- Center Point Location within the state of West Virginia Center Point Center Point (the United States)
- Coordinates: 39°23′30″N 80°38′7″W﻿ / ﻿39.39167°N 80.63528°W
- Country: United States
- State: West Virginia
- County: Doddridge
- Time zone: UTC-5 (Eastern (EST))
- • Summer (DST): UTC-4 (EDT)
- ZIP codes: 26339

= Center Point, West Virginia =

Unincorporated community in West Virginia, United States

Center Point is an unincorporated community in northeastern Doddridge County, West Virginia, United States. It lies along Route 23 northeast of the town of West Union, the county seat of Doddridge County. Its elevation is 791 feet (241 m).
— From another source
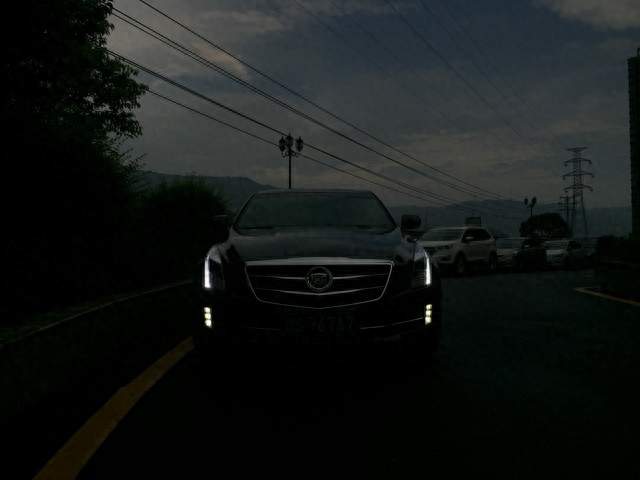 23.99万拿下凯迪拉克XT5 PHEV，对比同级别燃油版，可以怎么安排？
Historically, the community has also been known as Three Forks of McElroy (or Three Fork), Centerpoint, Centre Point, and Mount Pleasant; the Board on Geographic Names officially designated the current name and spelling in 1964. it had a post office until November 2, 2002, and still has a ZIP code 26339. It lies near the confluence of three streams that form McElroy Creek (Robinson, Pike, and Talkington Forks).

Located near Center Point is the Center Point Covered Bridge (built ca. 1888–90), listed on the National Register of Historic Places in 1983.

The first oil pool in Doddridge County was discovered ("brought in" as it was then termed) and drilled in 1892 at Center Point. The oil and gas industry transformed life in the area very quickly and permanently.